(Beginning of GIVEN DATA)

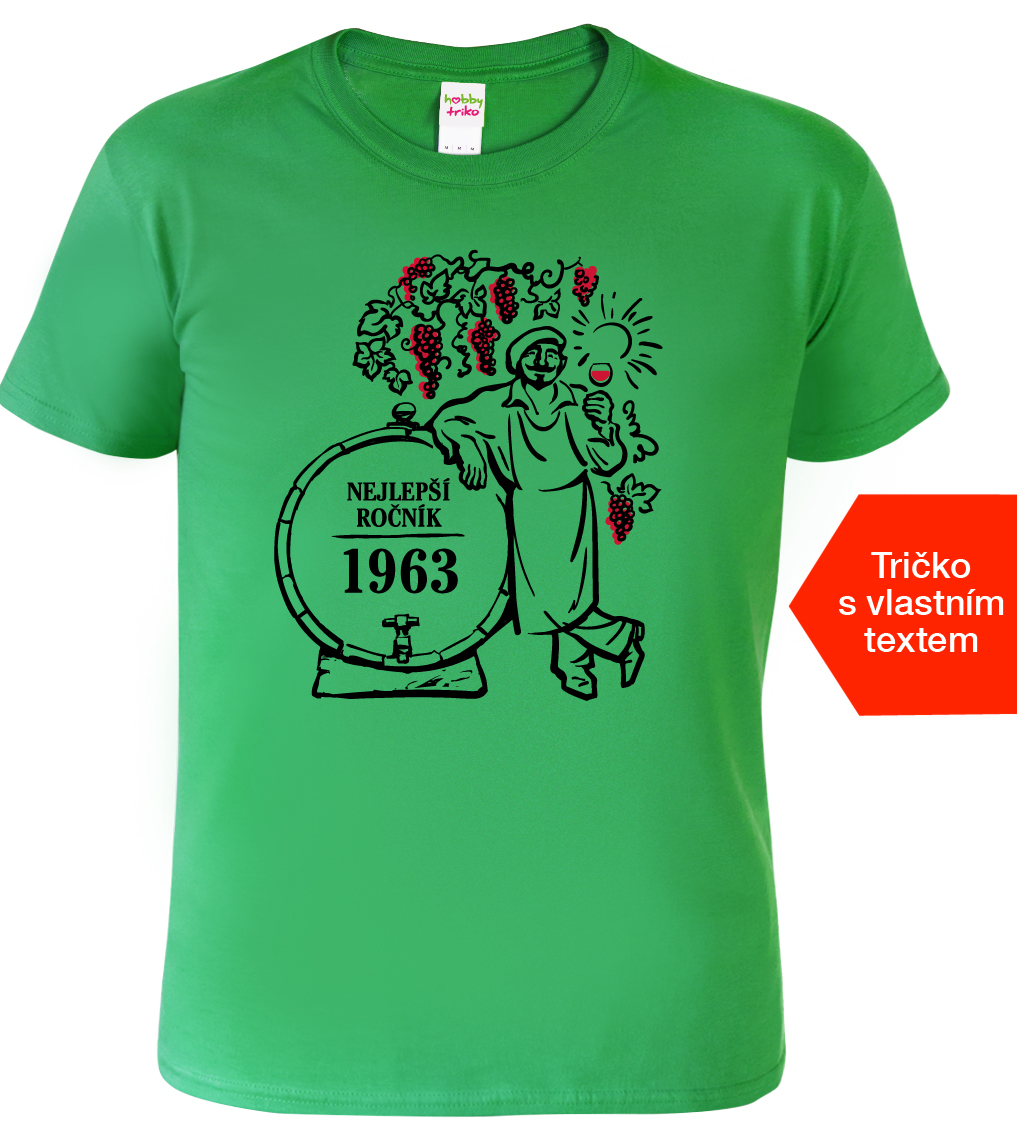 Pánské tričko k narozeninám - Nejlepší ročník Barva: Středně zelená (16), Velikost: XL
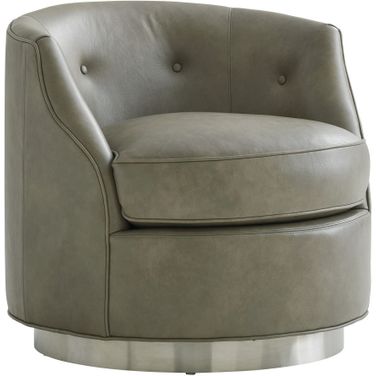 Avondale Piper Leather Swivel Chair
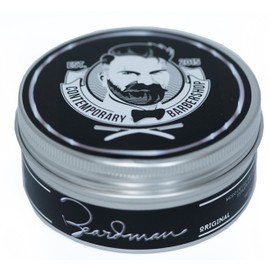 BEARDMAN - Pomada Original, Mejor Cera para Cabello y Peinado Definido, Base de Agua, Cera para Cabello Hombre, 150 gr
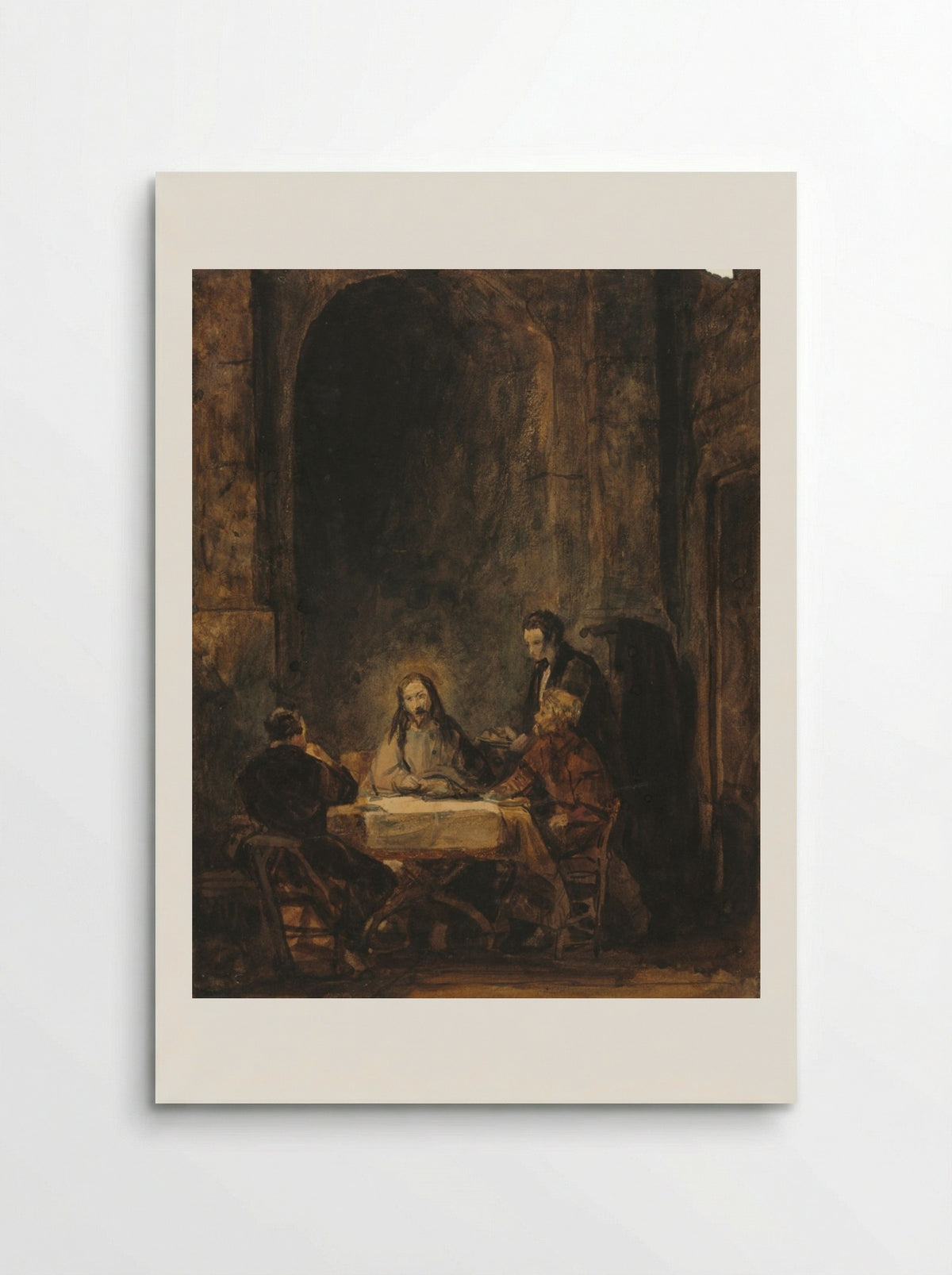 Christ at Emmaus - Benjamin West - Poster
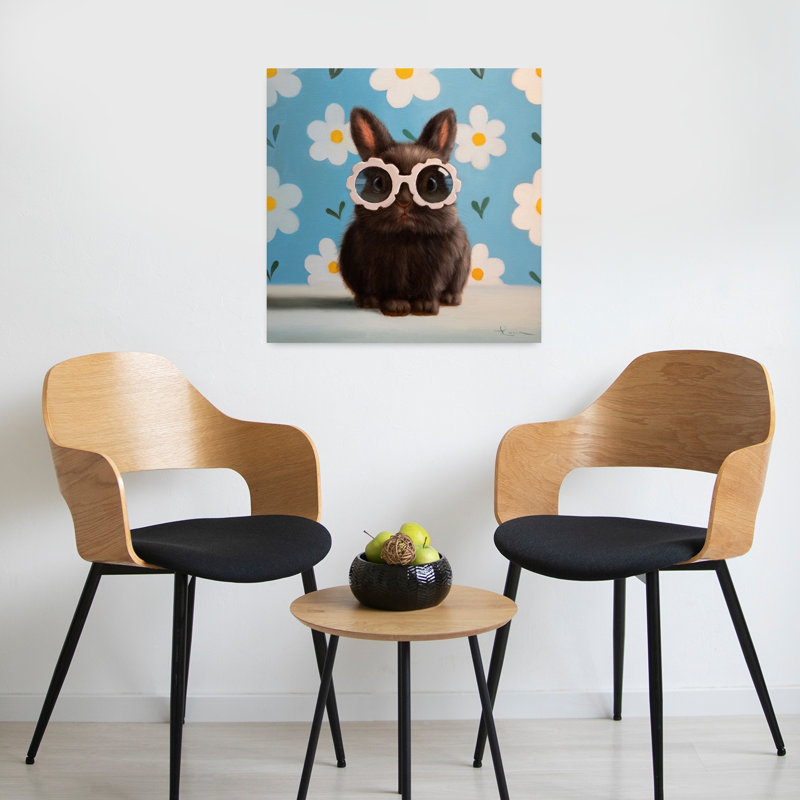 Art floral contemporain, H 24 po x l 24 po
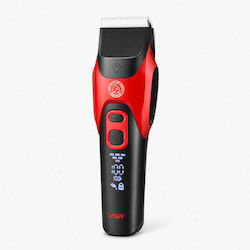 Wiederaufladbare Haarschneidemaschine Rote FOX385715 Wiederaufladbare Haarschneidemaschine Rote FOX385715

(End of GIVEN DATA)

__PROBLEM TO WORK ON__: Reproduce every entry exactly, but omit each picture.

__WRITTEN ANSWER__:
 Pánské tričko k narozeninám - Nejlepší ročník Barva: Středně zelená (16), Velikost: XL
 Avondale Piper Leather Swivel Chair
 BEARDMAN - Pomada Original, Mejor Cera para Cabello y Peinado Definido, Base de Agua, Cera para Cabello Hombre, 150 gr
 Christ at Emmaus - Benjamin West - Poster
 Art floral contemporain, H 24 po x l 24 po
 Wiederaufladbare Haarschneidemaschine Rote FOX385715 Wiederaufladbare Haarschneidemaschine Rote FOX385715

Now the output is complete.